There's a certain nostalgia – a class nostalgia – about British country style in a similar way there is to Ivy style. The clothes originated as practical garb for country sports such as riding, shooting, golf and fishing, but have now themselves become emblematic of a certain posh, landed country lifestyle.
I'm reading a fascinating book at the moment called Gentry by historian Adam Nicolson, which tells the story of this uniquely British upper middle class through the archived diaries, papers and correspondence of particular families. They built and consolidated their social power through property, strategic marriage, political alliances and colonial trade.
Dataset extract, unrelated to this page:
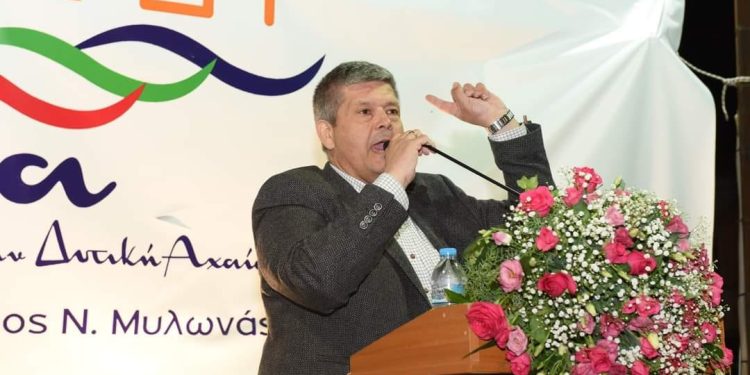 Δεν είναι νόμιμο, δεν είναι ηθικό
But land – the saleable commodities it could nurture, and the rents it could generate – was the heart of the gentry, which is why they're so often called the landed gentry. Country dress has changed very little over the last 50 years – check out this insane online guide, which unironically uses the word 'jolly'.
What if 'classic' styles are classic not because (as we are often told) they 'never go out of style', but rather because this very sartorial petrification communicates wealth?
This hasn't escaped class fantasist Ralph Lauren: here's his Fall/Winter 2012 collection:
But British country style overlaps with what we could think of as 'academic' or 'intellectual' style. Here I'm not speaking of bohemian or creative style, but the 'tweediness' we associate with Oxbridge in the first half of the 20th century, or with stereotypical lady librarians, or perhaps with Bletchley Park staffers during WWII.
Last week I gave a talk on the costumes from the film Cabaret, and was intrigued by Brian Roberts' (Michael York) dress. Brian, you'll recall, is a PhD student living in Germany in 1931. His friend Sally Bowles is a bohemian, but Brian is more straitlaced.
That's actually quite close to how real 1930s clothes look. I found some pics of period knitwear. Note how short the jumpers and vests are, because of the high-waisted, baggy, pleated pants.
This old-fashioned Oxbridge nerdiness is, perhaps, what the Doctor Who costume designers had in mind for Matt Smith, although the shortness of his pants gives them a punk edge, and the tightness is fashionable right now.
His new outfit, with the waistcoat and frock coat, is much more reminiscent of teddy-boy styling:
But I do love the wingtip boots! Mixing browns, blacks, greys and navies is a key aspect of British country style. However, if you go too far in one direction you get steampunk; too far in the other direction, you get Frankie. It's going to take me a while to nail this style.